New user questions
« on: February 25, 2015, 02:34:05 PM »
Got the software installed and running.  Have a few questions about configuring it:

Exclusions-
 We'd like to exclude the directory /faculty/, and everything in it.
 What's the best pattern to exclude?
 Using 'faculty/' might be too greedy, as that would also exclude '/english/faculty/' (?)
 If we'd like to exclude everything in '/documents/' except '/documents/public/', how would we configure this?

Individual attributes-
 Is it possible to give specific pages a different priority and update frequency, while still having the generator use the server's response for the modification time?

News Sitemap-
Is the behavior of the news sitemap documented anywhere?  i.e. what's the default filter to find news items?
If we'd like to give specific news urls a different priority, how would we do this?

Thanks!


Re: New user questions
« Reply #1 on: February 26, 2015, 05:41:11 AM »
Hello,

1. excluding URLs *starting* with "faculty/" would be:
^faculty/*

to have an exception for documents/public you can use this:
documents/[^p].*

2. You can skip "lastmod" part of the setting:
page.php,,monthly,0.9

(notice 2 commas before the update frequency part)

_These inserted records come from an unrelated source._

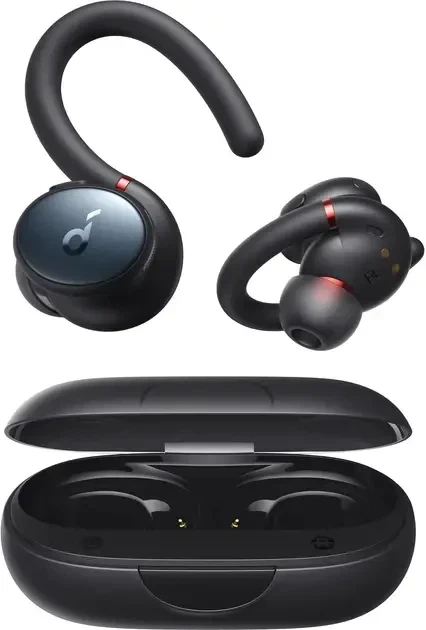 Беспроводные наушники Anker Soundcore Sport X10, Black, Bluetooth 5.2, IPX7, 32H, DeepBass - Фото 2 Беспроводные наушники Anker Soundcore Sport X10, Black, Bluetooth 5.2, IPX7, 32H, DeepBass - изображение 2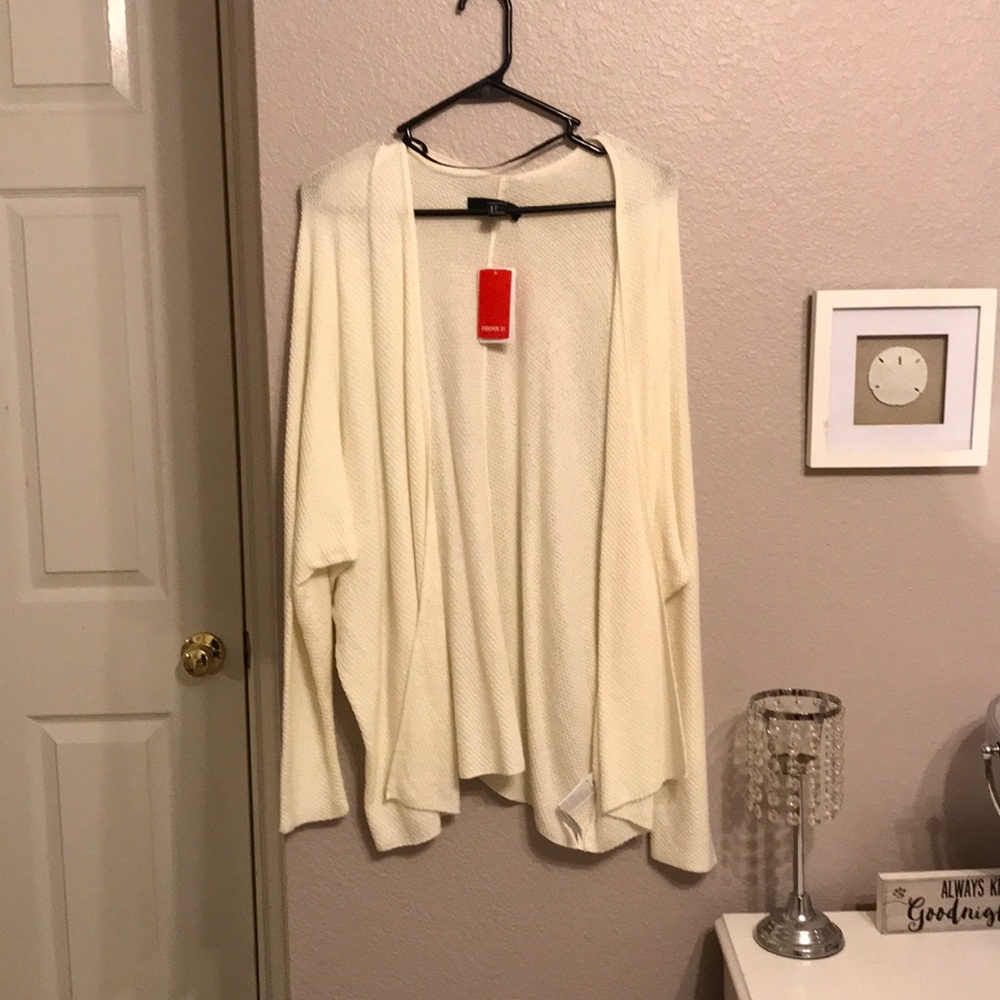 White/Cream cardigan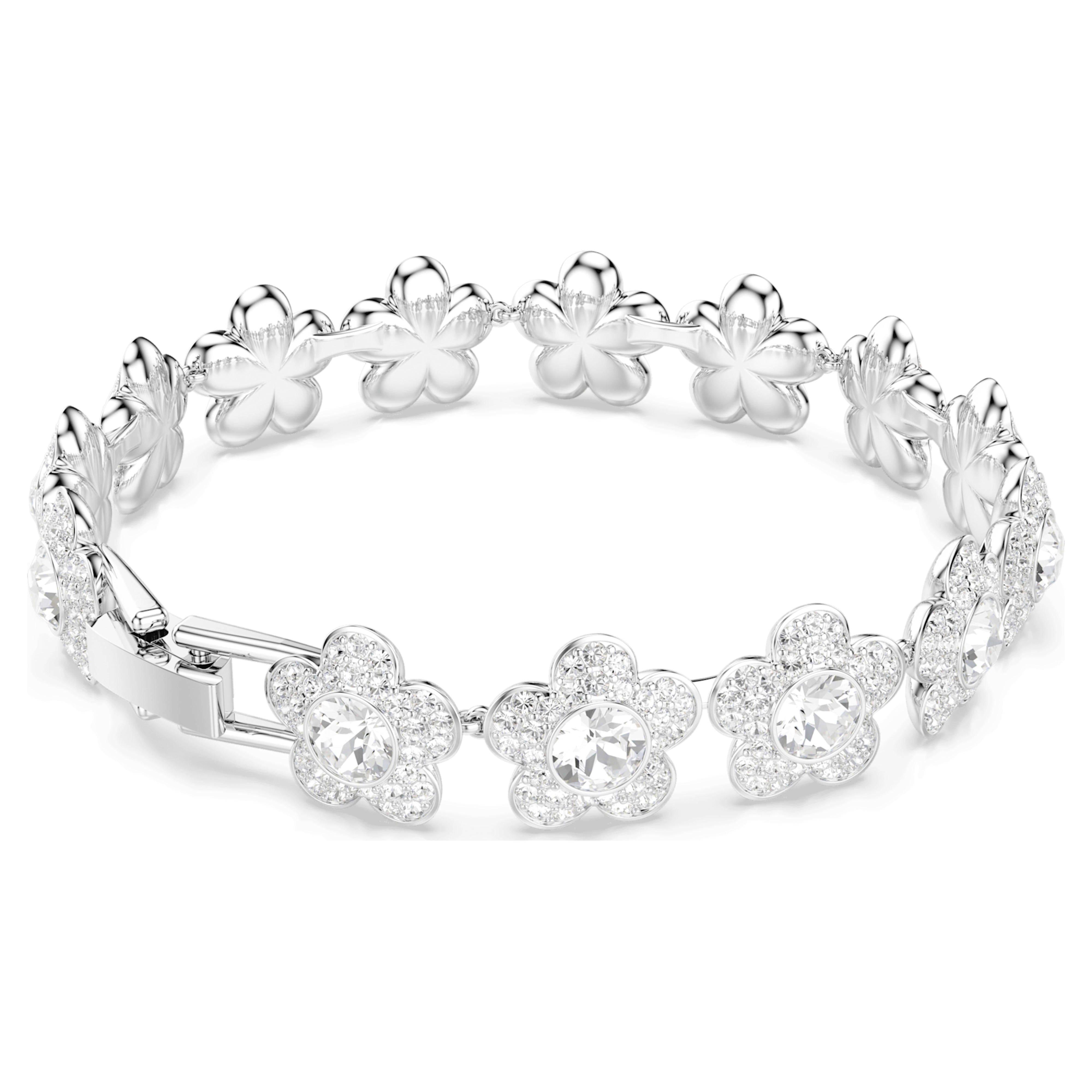Βραχιόλι Swarovski - Ariana Grande x Swarovski - Στρογγυλό μέγεθος - Λευκό & Ασημί όψη 5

3. New sitemap includes URLs from last 2 days.
In case if you have "Automatic priority" setting enabled generator will assign higher priority to new URLs.
Individual priority can be assigned based on the URL only.
Re: New user questions
« Reply #2 on: March 09, 2015, 04:33:34 PM »
Thanks for the info!  I have a few follow up questions:

Can we change the way the news_sitemap works?  i.e.
Instead of all pages younger than 2 days, can we just have it include all pages in /news/ (for example)?

Re: New user questions
« Reply #3 on: March 10, 2015, 06:23:43 AM »
Hello,

no, news sitemap is created according with google guidelines:
[ External links are visible to logged in users only ]
Re: New user questions
« Reply #4 on: March 10, 2015, 05:59:01 PM »
Another question :P
Most (all but 11) of the urls the generate finds on our site have a modified date of the request date.  (because they're php files maybe?)

what can we do to correct this?  Is apache configured incorrectly maybe?

Re: New user questions
« Reply #5 on: March 11, 2015, 05:06:38 PM »
You would need to modify your website backend (php script) to include http Last-modified header for each page.